The snowshoe plan was hatched.
“Steve’s a really nice guy in Silverton, and is always willing to help anybody, and for him to be so passionate about this adventure, I decided to support him,” said Pam Welty, former president of Silverton’s Chamber of Commerce. “I’m just real excited that he’s attempting this feat, crossing some of the most dangerous, avalanche-prone mountains in the world, basically in the dead of winter.”
Welty is one of a handful of individuals and businesses that have made donations and pledges of money and supplies (ski passes would be perfect, Allen said) to go to the Silverton, Lake City and Ouray youth centers in recognition of Allen’s trek.

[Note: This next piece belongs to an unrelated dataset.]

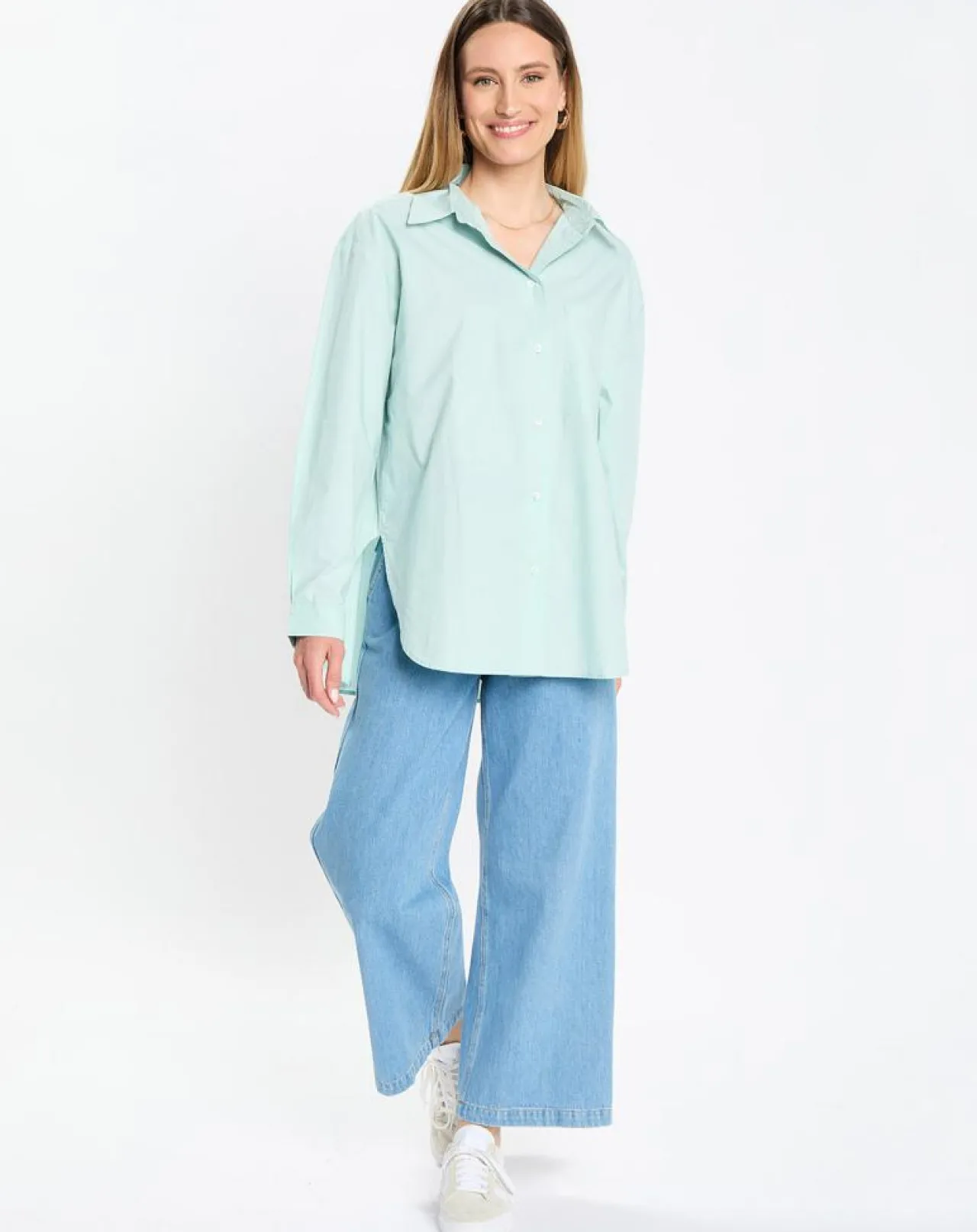 Chemise boyfriend bleu clair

“Helping the kids ... is our future community,” Allen said. “It helps keep them on the straight and narrow. It sort of helps give them a normality. And even if I don’t raise much money, they’ll see someone is out there doing that and maybe inspire them.

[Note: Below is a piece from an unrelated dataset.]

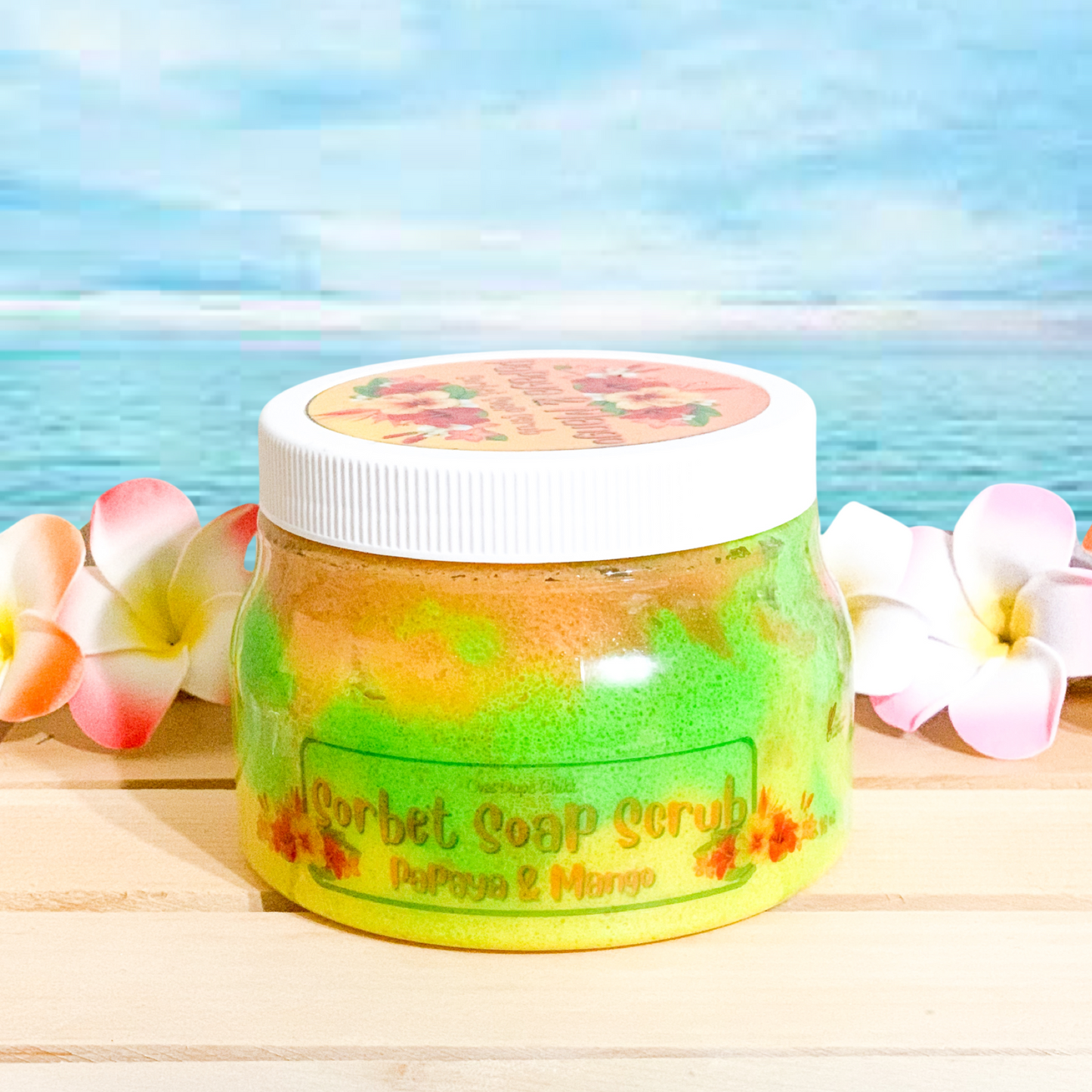 Tropical Mango + Papaya Sorbet Soap Scrub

“All we need now is lots of snow,” he said.
Allen plans to take off from Silverton about 9 p.m. Thursday, heading up Stony Pass in the dark, armed only with a headlamp for light on the “most treacherous” part of the journey.
“In the dark, you have to pay attention to everything,” Allen said, adding that he nearly walked off a cliff in the dark during training last month. “The headlamp doesn’t cover you. You have to pay attention to your terrain and your balance more.”
From there, he’ll cross into Maggie Gulch and Minnie Gulch, then drop down into Cuba Gulch to Cottonwood Creek, where Allen hopes to meet a few random cross country skiers, “if I’m lucky.”
Then, he’ll cross Mill Creek and run along the shoulder of Red Cloud Peak in the dark, almost 24 hours into the journey.
“When you’re tired, your perception changes. You can’t see half the stuff that’s there. It affects you mentally,” Allen said. “At the 20-hour mark or so, I’m going to be pretty beat. So mentally, I’m going to be holding on.”
From Red Cloud, Allen will get onto the Alpine Gulch Trail to the Matterhorn Trail and into Lake City about 36 hours after he starts.
“It’s going to be nonstop – as in, no staying over anywhere. There is nowhere to stop anyway,” Allen said.
To prepare, Allen has been training for a couple of months and scouting sections of his route at night.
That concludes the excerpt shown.